Web page caption snippets:
╔══

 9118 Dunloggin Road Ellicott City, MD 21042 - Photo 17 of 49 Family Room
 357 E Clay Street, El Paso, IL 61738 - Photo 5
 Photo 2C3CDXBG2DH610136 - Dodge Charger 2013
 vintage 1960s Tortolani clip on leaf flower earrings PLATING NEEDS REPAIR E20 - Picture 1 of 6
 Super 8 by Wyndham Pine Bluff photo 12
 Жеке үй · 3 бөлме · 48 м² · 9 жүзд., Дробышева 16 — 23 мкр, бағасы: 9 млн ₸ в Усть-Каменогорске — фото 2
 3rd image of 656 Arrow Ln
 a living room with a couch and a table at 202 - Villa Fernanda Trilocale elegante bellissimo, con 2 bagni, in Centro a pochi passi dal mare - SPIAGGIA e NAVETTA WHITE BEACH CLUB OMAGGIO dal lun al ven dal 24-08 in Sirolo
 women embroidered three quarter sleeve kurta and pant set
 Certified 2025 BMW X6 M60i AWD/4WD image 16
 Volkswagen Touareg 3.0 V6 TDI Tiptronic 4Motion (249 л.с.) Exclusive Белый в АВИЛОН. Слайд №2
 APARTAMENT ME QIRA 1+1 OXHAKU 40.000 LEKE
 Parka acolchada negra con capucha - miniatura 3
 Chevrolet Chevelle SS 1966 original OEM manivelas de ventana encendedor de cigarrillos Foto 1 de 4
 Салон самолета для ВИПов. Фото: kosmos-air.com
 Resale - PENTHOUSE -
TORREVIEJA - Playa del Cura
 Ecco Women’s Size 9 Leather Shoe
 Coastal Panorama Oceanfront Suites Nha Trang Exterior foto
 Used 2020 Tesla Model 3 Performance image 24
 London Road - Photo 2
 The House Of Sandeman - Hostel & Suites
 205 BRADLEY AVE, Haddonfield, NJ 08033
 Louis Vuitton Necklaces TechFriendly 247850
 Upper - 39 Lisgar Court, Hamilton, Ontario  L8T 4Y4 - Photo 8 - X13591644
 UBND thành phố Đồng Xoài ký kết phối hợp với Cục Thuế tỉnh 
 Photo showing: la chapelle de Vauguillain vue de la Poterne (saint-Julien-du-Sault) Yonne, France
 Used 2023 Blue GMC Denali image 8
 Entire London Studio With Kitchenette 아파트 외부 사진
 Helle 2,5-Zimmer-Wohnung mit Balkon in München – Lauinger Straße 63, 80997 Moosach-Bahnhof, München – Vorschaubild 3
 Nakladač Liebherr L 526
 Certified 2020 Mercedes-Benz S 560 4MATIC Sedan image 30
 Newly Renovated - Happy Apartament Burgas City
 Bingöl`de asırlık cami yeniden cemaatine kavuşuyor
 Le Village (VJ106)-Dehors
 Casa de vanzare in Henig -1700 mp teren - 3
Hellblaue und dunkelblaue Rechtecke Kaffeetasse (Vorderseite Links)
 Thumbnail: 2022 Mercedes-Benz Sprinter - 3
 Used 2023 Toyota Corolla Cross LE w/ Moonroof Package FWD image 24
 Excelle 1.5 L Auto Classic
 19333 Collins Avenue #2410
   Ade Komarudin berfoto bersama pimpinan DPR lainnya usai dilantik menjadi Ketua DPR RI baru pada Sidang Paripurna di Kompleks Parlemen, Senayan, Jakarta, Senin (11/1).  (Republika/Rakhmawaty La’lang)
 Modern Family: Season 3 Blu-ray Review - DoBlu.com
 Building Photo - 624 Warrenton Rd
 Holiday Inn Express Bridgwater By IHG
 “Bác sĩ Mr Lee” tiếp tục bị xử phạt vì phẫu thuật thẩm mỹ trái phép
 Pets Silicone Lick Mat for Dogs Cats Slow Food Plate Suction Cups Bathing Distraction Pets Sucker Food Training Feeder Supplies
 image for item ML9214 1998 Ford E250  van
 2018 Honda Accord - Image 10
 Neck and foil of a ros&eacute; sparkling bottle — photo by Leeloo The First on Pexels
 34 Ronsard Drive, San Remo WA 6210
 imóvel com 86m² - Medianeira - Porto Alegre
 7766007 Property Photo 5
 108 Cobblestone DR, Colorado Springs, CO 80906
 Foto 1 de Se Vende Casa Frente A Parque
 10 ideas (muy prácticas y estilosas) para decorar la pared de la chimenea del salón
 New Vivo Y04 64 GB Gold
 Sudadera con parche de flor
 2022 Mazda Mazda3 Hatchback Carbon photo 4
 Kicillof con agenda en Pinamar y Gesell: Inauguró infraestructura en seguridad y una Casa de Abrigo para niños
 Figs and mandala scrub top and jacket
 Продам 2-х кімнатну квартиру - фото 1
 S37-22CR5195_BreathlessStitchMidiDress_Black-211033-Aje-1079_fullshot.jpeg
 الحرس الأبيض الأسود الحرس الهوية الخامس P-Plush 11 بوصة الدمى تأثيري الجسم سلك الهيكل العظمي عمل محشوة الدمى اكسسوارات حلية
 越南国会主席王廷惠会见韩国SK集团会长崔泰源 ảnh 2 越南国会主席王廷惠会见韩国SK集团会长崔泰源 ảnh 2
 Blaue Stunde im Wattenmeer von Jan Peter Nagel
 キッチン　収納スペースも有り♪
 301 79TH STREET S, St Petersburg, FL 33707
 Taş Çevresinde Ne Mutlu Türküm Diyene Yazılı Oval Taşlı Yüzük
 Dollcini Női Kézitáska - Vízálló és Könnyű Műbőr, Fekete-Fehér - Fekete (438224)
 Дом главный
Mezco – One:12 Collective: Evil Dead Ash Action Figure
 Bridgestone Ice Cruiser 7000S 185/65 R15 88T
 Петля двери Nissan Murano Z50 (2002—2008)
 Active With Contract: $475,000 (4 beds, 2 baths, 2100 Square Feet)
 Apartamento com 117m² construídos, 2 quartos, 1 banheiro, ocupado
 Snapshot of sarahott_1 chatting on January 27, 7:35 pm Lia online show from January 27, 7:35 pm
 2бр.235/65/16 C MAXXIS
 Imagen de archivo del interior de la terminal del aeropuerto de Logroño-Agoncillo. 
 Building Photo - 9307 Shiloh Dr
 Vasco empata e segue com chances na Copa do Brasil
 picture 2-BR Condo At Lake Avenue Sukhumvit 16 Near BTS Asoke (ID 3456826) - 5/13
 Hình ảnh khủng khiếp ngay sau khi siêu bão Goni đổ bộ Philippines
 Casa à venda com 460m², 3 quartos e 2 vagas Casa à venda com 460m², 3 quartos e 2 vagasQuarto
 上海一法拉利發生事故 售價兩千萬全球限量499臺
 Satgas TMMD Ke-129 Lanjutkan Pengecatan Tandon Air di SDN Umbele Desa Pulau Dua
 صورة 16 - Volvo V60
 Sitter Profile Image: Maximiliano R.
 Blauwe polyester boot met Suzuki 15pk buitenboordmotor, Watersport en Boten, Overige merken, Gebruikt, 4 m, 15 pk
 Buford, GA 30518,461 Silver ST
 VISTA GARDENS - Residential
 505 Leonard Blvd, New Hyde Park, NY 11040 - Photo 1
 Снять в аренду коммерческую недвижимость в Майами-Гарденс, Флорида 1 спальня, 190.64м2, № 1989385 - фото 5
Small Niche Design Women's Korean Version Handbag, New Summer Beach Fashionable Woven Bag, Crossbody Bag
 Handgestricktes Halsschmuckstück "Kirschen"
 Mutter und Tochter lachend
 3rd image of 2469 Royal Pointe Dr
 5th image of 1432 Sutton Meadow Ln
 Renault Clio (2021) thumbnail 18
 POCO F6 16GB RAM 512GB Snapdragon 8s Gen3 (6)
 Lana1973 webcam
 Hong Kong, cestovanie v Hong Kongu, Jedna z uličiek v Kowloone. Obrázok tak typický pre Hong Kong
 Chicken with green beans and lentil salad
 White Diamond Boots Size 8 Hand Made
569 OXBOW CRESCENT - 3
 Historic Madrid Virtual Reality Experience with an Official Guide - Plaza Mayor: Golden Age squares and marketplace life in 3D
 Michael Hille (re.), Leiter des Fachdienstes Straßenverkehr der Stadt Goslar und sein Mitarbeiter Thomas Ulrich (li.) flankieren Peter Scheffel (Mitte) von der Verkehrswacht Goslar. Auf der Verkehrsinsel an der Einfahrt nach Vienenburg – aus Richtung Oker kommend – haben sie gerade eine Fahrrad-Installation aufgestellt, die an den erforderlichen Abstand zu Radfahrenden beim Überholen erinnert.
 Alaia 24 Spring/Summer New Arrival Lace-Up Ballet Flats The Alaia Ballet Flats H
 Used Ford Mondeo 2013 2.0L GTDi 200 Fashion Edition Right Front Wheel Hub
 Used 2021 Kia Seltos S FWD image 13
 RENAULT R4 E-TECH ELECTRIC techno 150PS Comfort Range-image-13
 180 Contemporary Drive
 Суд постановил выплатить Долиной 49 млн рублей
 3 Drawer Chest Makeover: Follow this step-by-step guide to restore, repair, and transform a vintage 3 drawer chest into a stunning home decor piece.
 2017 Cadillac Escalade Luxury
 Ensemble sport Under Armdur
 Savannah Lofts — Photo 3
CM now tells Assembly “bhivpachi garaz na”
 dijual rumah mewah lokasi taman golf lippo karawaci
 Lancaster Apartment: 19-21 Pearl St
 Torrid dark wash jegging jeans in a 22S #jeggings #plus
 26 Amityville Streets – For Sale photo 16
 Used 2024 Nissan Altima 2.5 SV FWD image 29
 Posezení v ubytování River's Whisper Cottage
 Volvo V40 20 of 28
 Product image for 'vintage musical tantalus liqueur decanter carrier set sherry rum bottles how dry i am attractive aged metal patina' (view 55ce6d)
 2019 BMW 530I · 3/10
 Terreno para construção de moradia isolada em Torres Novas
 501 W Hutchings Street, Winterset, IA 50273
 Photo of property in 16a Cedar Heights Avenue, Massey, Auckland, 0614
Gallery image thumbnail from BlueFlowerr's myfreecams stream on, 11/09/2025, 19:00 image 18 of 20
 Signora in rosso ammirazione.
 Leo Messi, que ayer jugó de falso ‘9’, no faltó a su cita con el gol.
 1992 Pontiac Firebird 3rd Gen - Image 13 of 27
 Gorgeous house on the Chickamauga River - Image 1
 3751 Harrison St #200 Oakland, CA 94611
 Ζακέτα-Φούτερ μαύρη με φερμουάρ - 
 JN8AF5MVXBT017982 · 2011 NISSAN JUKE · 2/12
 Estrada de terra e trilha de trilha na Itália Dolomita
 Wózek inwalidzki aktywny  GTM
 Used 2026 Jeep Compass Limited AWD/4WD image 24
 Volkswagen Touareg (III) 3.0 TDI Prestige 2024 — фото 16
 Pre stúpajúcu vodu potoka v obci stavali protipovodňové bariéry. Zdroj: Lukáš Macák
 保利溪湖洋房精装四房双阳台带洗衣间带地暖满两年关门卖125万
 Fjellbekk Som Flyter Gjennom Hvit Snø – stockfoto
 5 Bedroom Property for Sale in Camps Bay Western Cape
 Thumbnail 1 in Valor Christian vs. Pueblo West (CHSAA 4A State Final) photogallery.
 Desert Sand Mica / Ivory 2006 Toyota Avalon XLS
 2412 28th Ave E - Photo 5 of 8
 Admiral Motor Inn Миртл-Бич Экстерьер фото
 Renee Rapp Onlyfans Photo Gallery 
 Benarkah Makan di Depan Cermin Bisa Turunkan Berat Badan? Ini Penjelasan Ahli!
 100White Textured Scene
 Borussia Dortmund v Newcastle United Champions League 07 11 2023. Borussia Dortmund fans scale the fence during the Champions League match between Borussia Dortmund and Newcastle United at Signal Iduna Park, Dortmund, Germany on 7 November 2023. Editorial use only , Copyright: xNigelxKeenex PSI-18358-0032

╚══

Activity:
Write down again the exact lines running from the beginning of the data to the line containing "women embroidered three", with both ends included.

The answer:
 9118 Dunloggin Road Ellicott City, MD 21042 - Photo 17 of 49 Family Room
 357 E Clay Street, El Paso, IL 61738 - Photo 5
 Photo 2C3CDXBG2DH610136 - Dodge Charger 2013
 vintage 1960s Tortolani clip on leaf flower earrings PLATING NEEDS REPAIR E20 - Picture 1 of 6
 Super 8 by Wyndham Pine Bluff photo 12
 Жеке үй · 3 бөлме · 48 м² · 9 жүзд., Дробышева 16 — 23 мкр, бағасы: 9 млн ₸ в Усть-Каменогорске — фото 2
 3rd image of 656 Arrow Ln
 a living room with a couch and a table at 202 - Villa Fernanda Trilocale elegante bellissimo, con 2 bagni, in Centro a pochi passi dal mare - SPIAGGIA e NAVETTA WHITE BEACH CLUB OMAGGIO dal lun al ven dal 24-08 in Sirolo
 women embroidered three quarter sleeve kurta and pant set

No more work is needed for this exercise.